Glutamate neurotoxicity in vitro: antagonist pharmacology and intracellular calcium concentrations.

There is now convincing evidence that excessive accumulation of the excitatory amino acid glutamate (GLU) in the extracellular space is toxic to central mammalian neurons. However, the role of different GLU receptors in producing this toxicity has not been adequately ascertained. There is also no adequate information about the correlation of free intracellular calcium concentration with eventual excitotoxic death. We have used cultured rat hippocampal neurons to address these issues. Approximately 75% of our neurons died after a 20-min GLU exposure. The potent kainate/quisqualate receptor antagonist 6-cyano-7-nitroquinoxaline-2,3-dione did not significantly ameliorate the GLU toxicity, while the selective noncompetitive N-methyl-D-aspartate (NMDA) antagonist methyl-10,11-dihydro-5-H-dibenzocyclohepten-5,10-imine (MK-801) blocked the GLU toxicity for periods of at least 2 hr.
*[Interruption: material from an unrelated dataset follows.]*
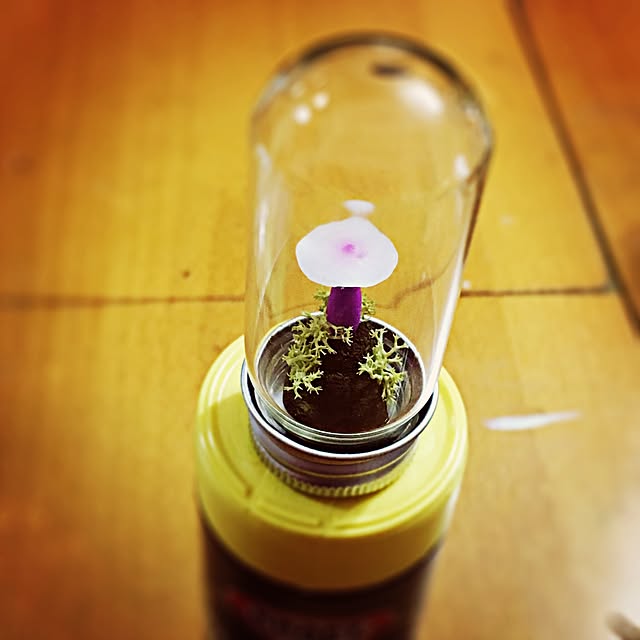 ramuchop3000さんの実例写真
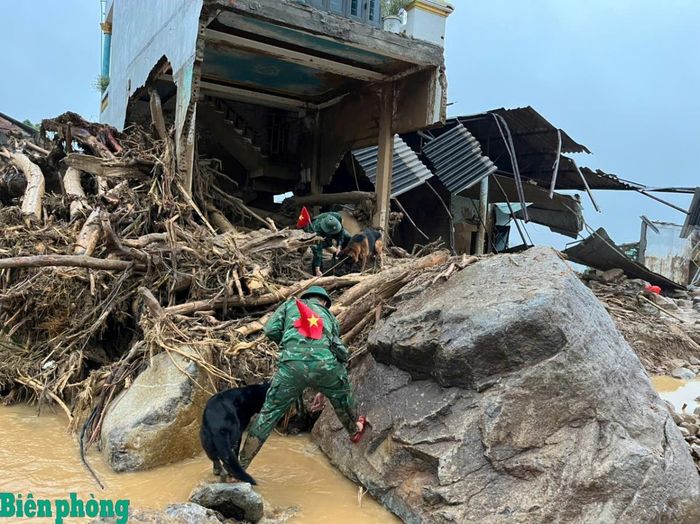 Cán bộ, huấn luyện viên và chó nghiệp vụ của Trường Trung cấp 24 Biên phòng vượt qua dòng nước, đá lớn và cây gỗ ngổn ngang để tìm kiếm người mất tích tại bản Chít, xã Mường Than, tỉnh Lai Châu. Ảnh: Văn Nghĩa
Interestingly, kainate was very toxic to the hippocampal neurons, but this toxicity was markedly attenuated by MK-801. These results suggest that the major toxicity of GLU is mediated by NMDA receptors and that under some conditions kainate toxicity reflects nonspecific opening of NMDA channels. The intracellular calcium concentrations in these neurons at the end of exposure to GLU and kainate (in the presence and absence of different antagonists) correlated poorly with eventual survival. Antagonists that limited the rise in calcium were still ineffective in preventing death. These results confirm earlier observations that stressed the importance of NMDA receptors in mediating GLU toxicity. However, they indicate that the relationship between toxicity and neuronal calcium concentration may be very complicated. An unexpected finding of these experiments was that MK-801, unlike competitive antagonists of GLU, elevated intracellular calcium.